The restaurants of the Latin Quarter and the city rooms of midtown Manhattan the beachhead of Normandy and the boxing gyms of Times Square the trackside haunts of bookmakers and the shadowy
redoubts of Southern politicians--these are the places that A.J.Liebling shows to us in his unforgettable New Yorker articles, brought together here so that a new generation of readers might
discover Liebling as if for the first time. Born a hundred years ago, Abbott Joseph 'Joe' Liebling was the first of the great New Yorker writers, a colorful and tireless figure who helped set
the magazine's urbane style. Today, he is best known as a celebrant of the 'sweet science' of boxing or as a 'feeder' who ravishes the reader with his descriptions of food and wine. But as
David Remnick, a Liebling devotee, suggests in his fond and insightful introduction, Liebling was a writer bounded only by his intelligence, taste, and ardor for life.
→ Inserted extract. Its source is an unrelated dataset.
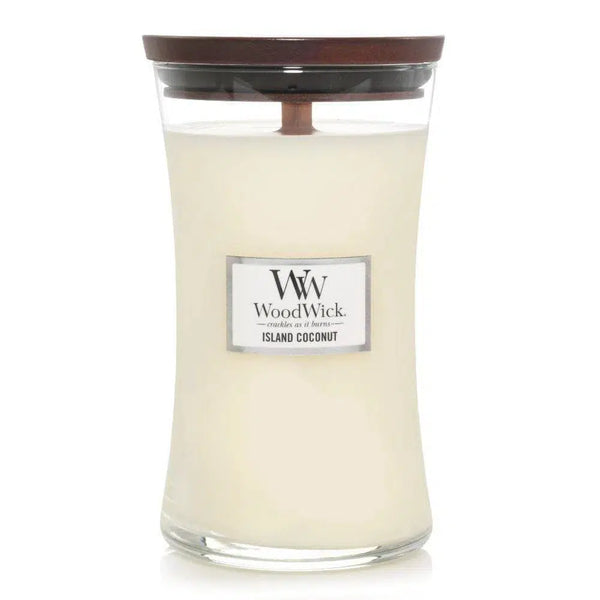 Woodwick Candles Large Candle 609g Island Coconut-Candles2go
Like his nemesis William
Randolph Hearst, he changed the rules of modern journalism, banishing the distinctions between reporting and storytelling, between news and art. Whatever his role, Liebling is a most
companionable figure, and to read the pieces in this grand and generous book is to be swept along on a thrilling adventure in a world of confidence men, rogues, press barons and political
cronies, with an inimitable writer as one's guide.